### MATERIALS PROVIDED

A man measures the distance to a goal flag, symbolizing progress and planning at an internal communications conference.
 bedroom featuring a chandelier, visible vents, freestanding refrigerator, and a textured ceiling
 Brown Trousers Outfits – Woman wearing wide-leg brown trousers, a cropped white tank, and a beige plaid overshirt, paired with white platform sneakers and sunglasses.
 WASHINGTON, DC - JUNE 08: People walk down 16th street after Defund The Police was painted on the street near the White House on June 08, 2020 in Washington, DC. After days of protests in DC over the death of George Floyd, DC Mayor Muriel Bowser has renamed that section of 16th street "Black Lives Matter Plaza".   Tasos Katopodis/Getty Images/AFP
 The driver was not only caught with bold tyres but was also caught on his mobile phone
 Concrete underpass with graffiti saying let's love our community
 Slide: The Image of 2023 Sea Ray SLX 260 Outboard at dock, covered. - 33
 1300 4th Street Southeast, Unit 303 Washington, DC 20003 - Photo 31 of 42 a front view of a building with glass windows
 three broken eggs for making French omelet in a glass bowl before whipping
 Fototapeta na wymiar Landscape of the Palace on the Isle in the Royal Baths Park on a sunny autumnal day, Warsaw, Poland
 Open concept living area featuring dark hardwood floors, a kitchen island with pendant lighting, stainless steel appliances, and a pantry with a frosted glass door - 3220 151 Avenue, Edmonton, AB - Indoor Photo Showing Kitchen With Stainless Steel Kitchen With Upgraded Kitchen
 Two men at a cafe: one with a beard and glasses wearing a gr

######

**WORK ITEM**
All lines from the top of the data through the line containing "three broken eggs" need to be retyped exactly, and nothing more.

**EXERCISE OUTPUT**
A man measures the distance to a goal flag, symbolizing progress and planning at an internal communications conference.
 bedroom featuring a chandelier, visible vents, freestanding refrigerator, and a textured ceiling
 Brown Trousers Outfits – Woman wearing wide-leg brown trousers, a cropped white tank, and a beige plaid overshirt, paired with white platform sneakers and sunglasses.
 WASHINGTON, DC - JUNE 08: People walk down 16th street after Defund The Police was painted on the street near the White House on June 08, 2020 in Washington, DC. After days of protests in DC over the death of George Floyd, DC Mayor Muriel Bowser has renamed that section of 16th street "Black Lives Matter Plaza".   Tasos Katopodis/Getty Images/AFP
 The driver was not only caught with bold tyres but was also caught on his mobile phone
 Concrete underpass with graffiti saying let's love our community
 Slide: The Image of 2023 Sea Ray SLX 260 Outboard at dock, covered. - 33
 1300 4th Street Southeast, Unit 303 Washington, DC 20003 - Photo 31 of 42 a front view of a building with glass windows
 three broken eggs for making French omelet in a glass bowl before whipping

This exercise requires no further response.